The Monarch Butterfly’s Understudy

Viceroy butterfly photographed by Jeff Zablow at the Butterflies and Blooms Habitat in Eatonton, GA

I have always recoiled when I hear that Viceroy butterflies ‘mimic’ Monarch butterflies. It’s true that Monarch caterpillars’ food are milkweed leaves, and the glycosides that are highly concentrated in the milkweed remain inert (unchanged) in the Monarch caterpillars, and the Monarch butterflies that eclose from Monarch chrysalises are fully stocked with those very same, disgustingly bitter glycosides. We are taught that this adaptation of the Monarchs provides them with excellent protection from predators.

It may or it may not be true that selection has caused the Viceroy butterfly to closely resemble Monarchs. Either way, birds learn early that this look signals, “Leave alone, don’t even try to eat!” Experience has convinced that Viceroys like this one, show zero wing damage from birds (bird-struck), because the birds’ mommies taught them early, avoid that sort of butterfly, or retch uncontrollably should you forget that lesson!

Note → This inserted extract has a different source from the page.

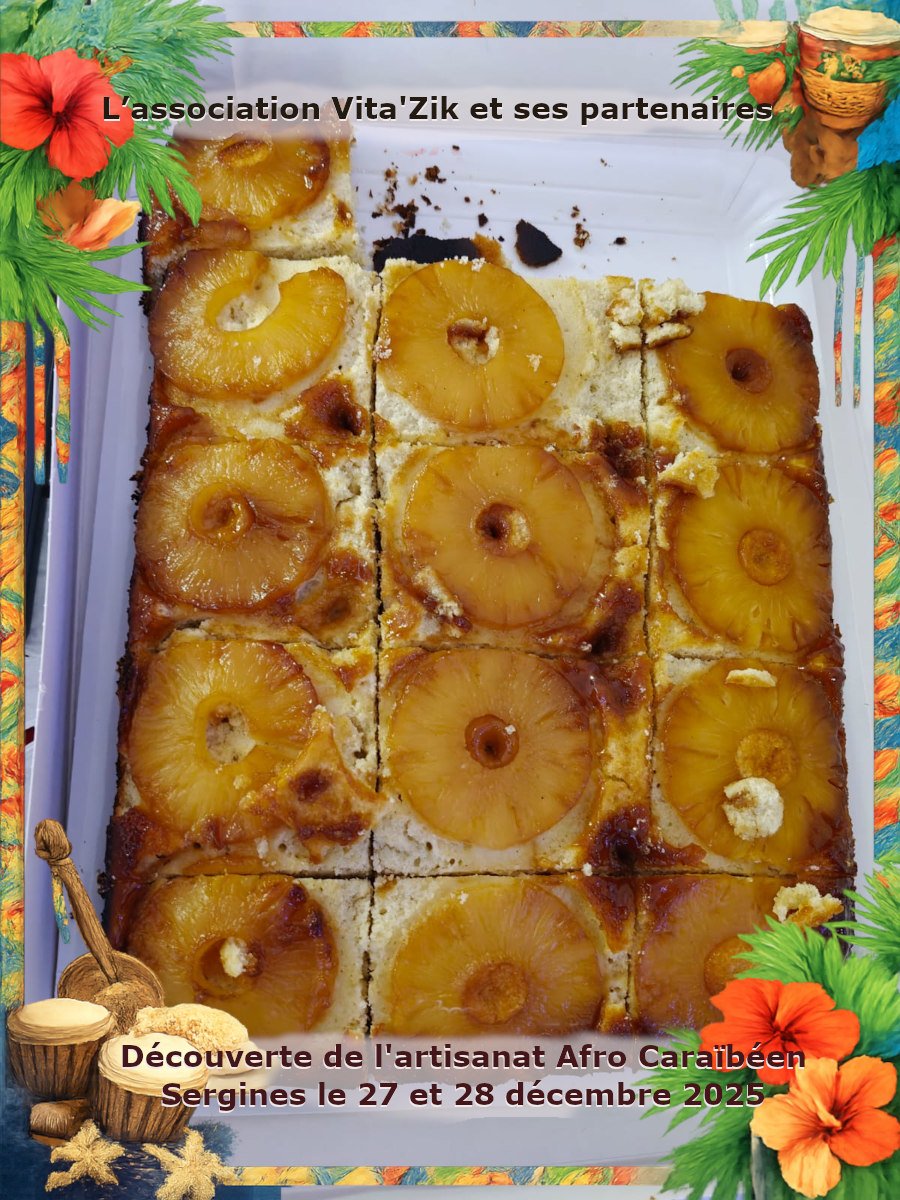 VIP Crossing - Afro Caraïbéen Artisanat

That band of black, across the middle of the hindwing of this Viceroy, enables you to ID as a Viceroy. Time in the field also teaches, Monarchs fly high, with elegant wing strokes, while Viceroys fly more like jet fighters, fast and with much diving and soaring, yet always some 8 feet or so above the ground. Monarchs Love to nectar on flowers, Viceroys rarely are seen upon flowers.

Viceroy butterflies do not treat us with one of our biggest life mysteries, that is, How do Monarch butterflies, that have never been to central Mexico, fly from Maine, New York and Ohio, thousands of miles, to the mountains of central Mexico??

Viceroys have their own charm. They are less commonly seen than Monarchs. They prefer to be close to their hostplants, Willow trees and shrubs, which puts them in the neighborhood of wetlands (marshes, swamps, ponds & lakes, and wet meadows (fens)). That fascinating habitat includes cattails, red-wing blackbirds, Baltimore checkerspot butterflies, aquatic turtles, muskrat and beaver, birders seeking sightings of egrets, herons, rails, storks and ducks. Poetic places that when found, protected from billionaires and developers, tickle our imagination and treat our eyes. It also puts Viceroys, here in the Southern USA, at home with alligators, as we saw in Laura’s Harris Neck National Wildlife Refuge (Georgia) and in Neel’s St. Marks National Wildlife Refuge (Florida).

This Viceroy here, seen in the Butterflies & Blooms Briar Patch Habitat in my Eatonton, Georgia, town affirms what some Butterfly field guide authors share, that the southeastern Viceroys are especially handsome, decked out in the stronger, more vivid oranges, black and white.

Understudy, the Viceroy? Nope. An authentic American Idol, no doubt about it.